Persevering Through Obstacles, Inspiring Graduates
On paper and in person, Samantha M. Lofgren is a model student and citizen. A Criminal Justice graduate of MCTC and a Diversity Psychology major at Metropolitan State University with a 4.0 GPA, Samantha has always found time to serve her college and her community.
When she attended MCTC, Samantha served as vice president of Phi Theta Kappa, assisted in the founding of the MCTC Sociology Club, tutored English in the Learning Center and acted as both a peer mentor and student in the TRIO Disability Student Services and Starting Point programs. In her community, Samantha volunteers as a personal care assistant and is a member of the Minneapolis Shambhala Center, where she has served as ambassador for “Basic Goodness Day” and is coordinated a related six-week pilot program. (Photo credit: Dread Naught Photography.)

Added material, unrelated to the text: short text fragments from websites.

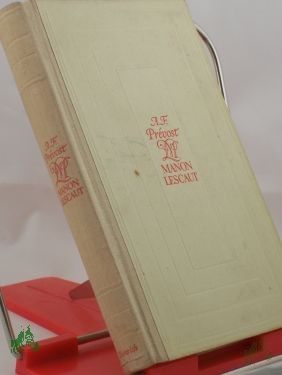 Artikelbild des Artikels “Manon Lescaut / A. F. Prevost. Übertr. v. Elisabeth von Hase ; Walter Hoyer. Mit e. Einf. v. Erich Haase “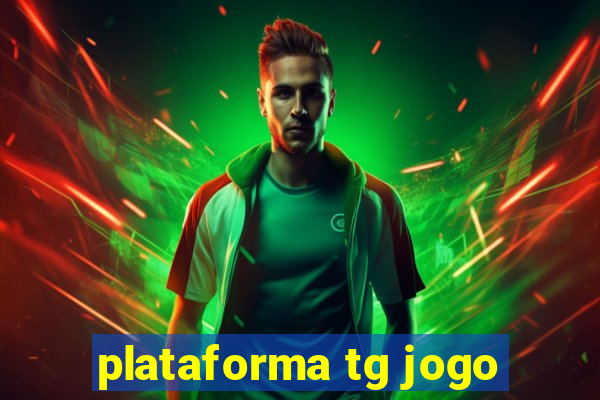 plataforma tg jogo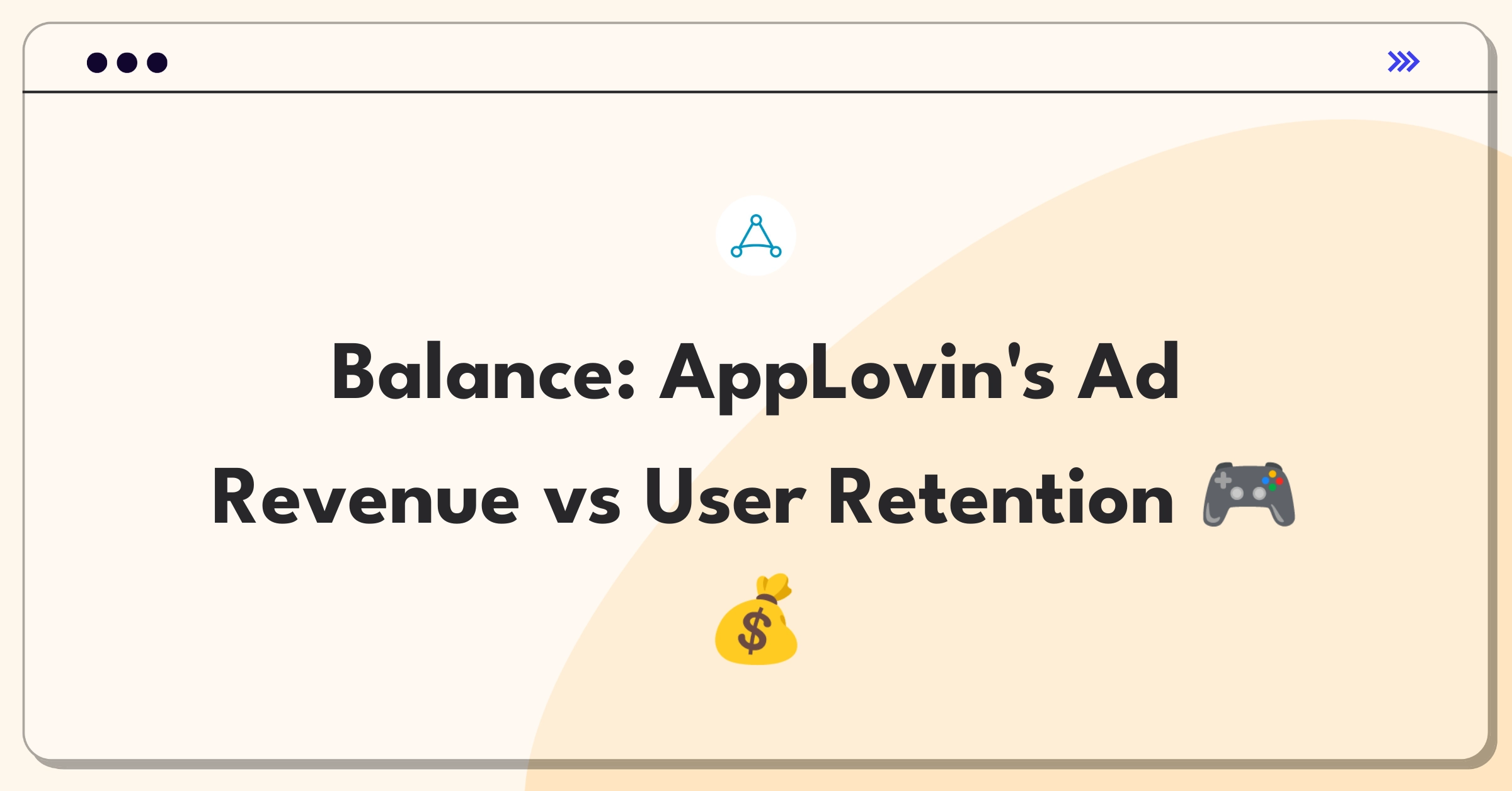 Product Management Tradeoff Question: Balancing ad revenue and user retention in mobile gaming platform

To top off her experience at MCTC, Samantha delivered the 2013 student commencement speech. During her speech, she shared highlights from her journey and paid tribute to her classmates, acknowledging the challenges they may have experienced in their educational journey and how overcoming those challenges brings about great strength.

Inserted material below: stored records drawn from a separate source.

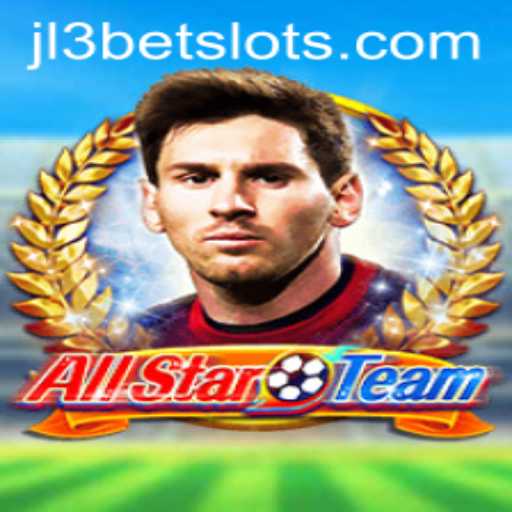 Discover AllStarTeam: A Strategic Masterpiece with JL3Bet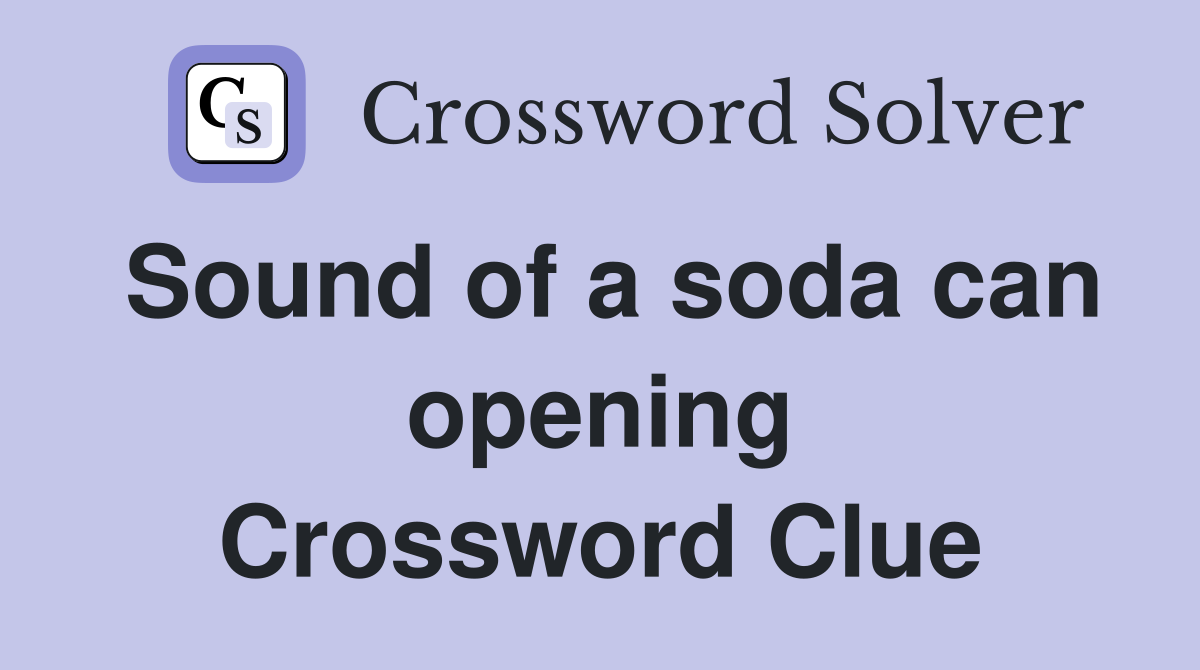 Sound of a soda can opening Crossword Clue
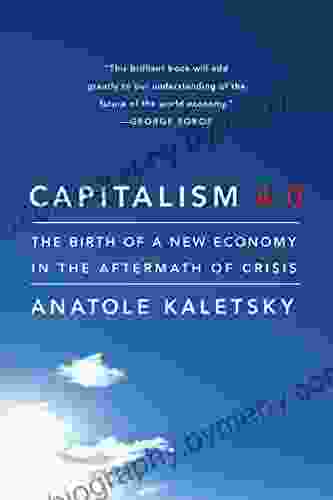 Capitalism 4 0: The Birth of a New Economy in the Aftermath of Crisis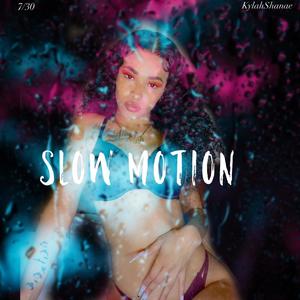 Slow Motion (Explicit)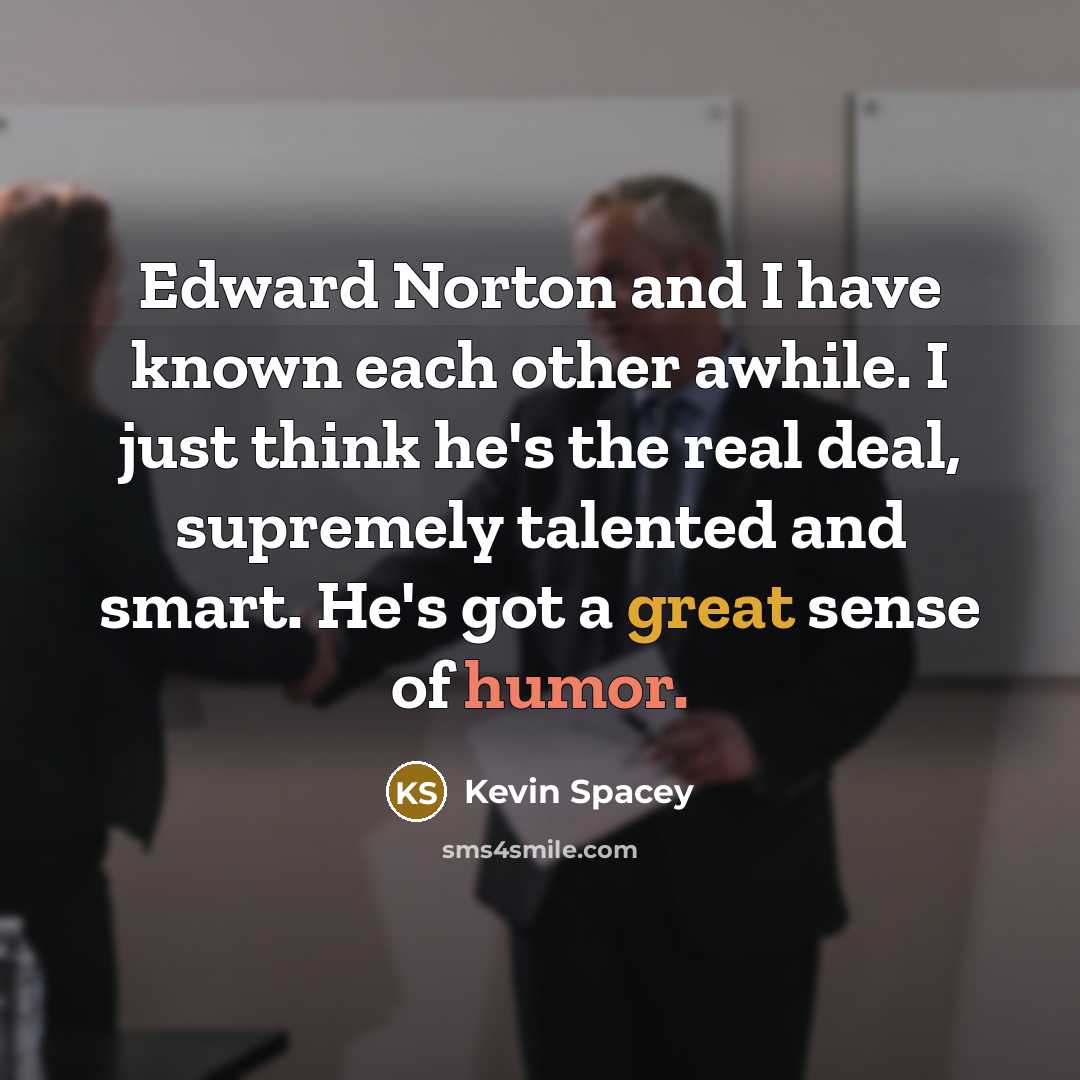 “Edward Norton and I have known each other awhile. I…” quote by Kevin Spacey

“In the event anything went sideways at MCTC, I was always encouraged to be myself, to never give up and to learn how to be successful as I managed being brilliant despite sometimes feeling broken,” said Samantha, who has been disabled since 2001.

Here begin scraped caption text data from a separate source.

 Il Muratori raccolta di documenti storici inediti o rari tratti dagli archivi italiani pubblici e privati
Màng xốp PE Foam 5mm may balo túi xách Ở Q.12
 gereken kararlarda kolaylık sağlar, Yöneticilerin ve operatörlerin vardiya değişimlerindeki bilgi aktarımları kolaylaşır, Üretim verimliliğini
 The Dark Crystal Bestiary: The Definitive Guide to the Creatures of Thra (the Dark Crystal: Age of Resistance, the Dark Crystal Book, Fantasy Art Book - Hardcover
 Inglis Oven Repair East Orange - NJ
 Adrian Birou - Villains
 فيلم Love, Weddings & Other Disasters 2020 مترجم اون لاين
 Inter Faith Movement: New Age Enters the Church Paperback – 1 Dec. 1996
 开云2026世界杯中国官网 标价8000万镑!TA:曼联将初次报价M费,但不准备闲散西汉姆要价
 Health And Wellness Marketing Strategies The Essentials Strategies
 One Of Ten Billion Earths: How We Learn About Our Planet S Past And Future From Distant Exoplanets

At one point in her academic career, Samantha was poised to drop her Creative Nonfiction writing course—for the second time. Upon learning of her struggle to succeed in the class, her instructor asked what could be done to help. Encouraged by the genuine support she received, Samantha stayed in the class and subsequently won several awards for one of the pieces she wrote.
“As I navigated my six-year path at MCTC, I became aware of brief moments of encouragement and enlightenment that happened all over the place,” said Samantha. “These moments helped me to be a stronger person and to be successful.” The “moments” took many forms, and included MCTC’s alternative learning formats, accommodations for her disability, real-world connections between theory and everyday life, being challenged to hold herself to higher standards and support and encouragement from faculty, staff, students and administration. “MCTC is the perfect place for a nontraditional student to thrive,” said Samantha.
“At the end of the day, it is perseverance and support that got me where I am today. I worked hard for this, but I recognize no one does it alone,” said Samantha. “The primary reason I am where I am today is because of all of the support I received from people at all levels at MCTC. I hope to bring this type of support and humanity back to business and out into greater society.”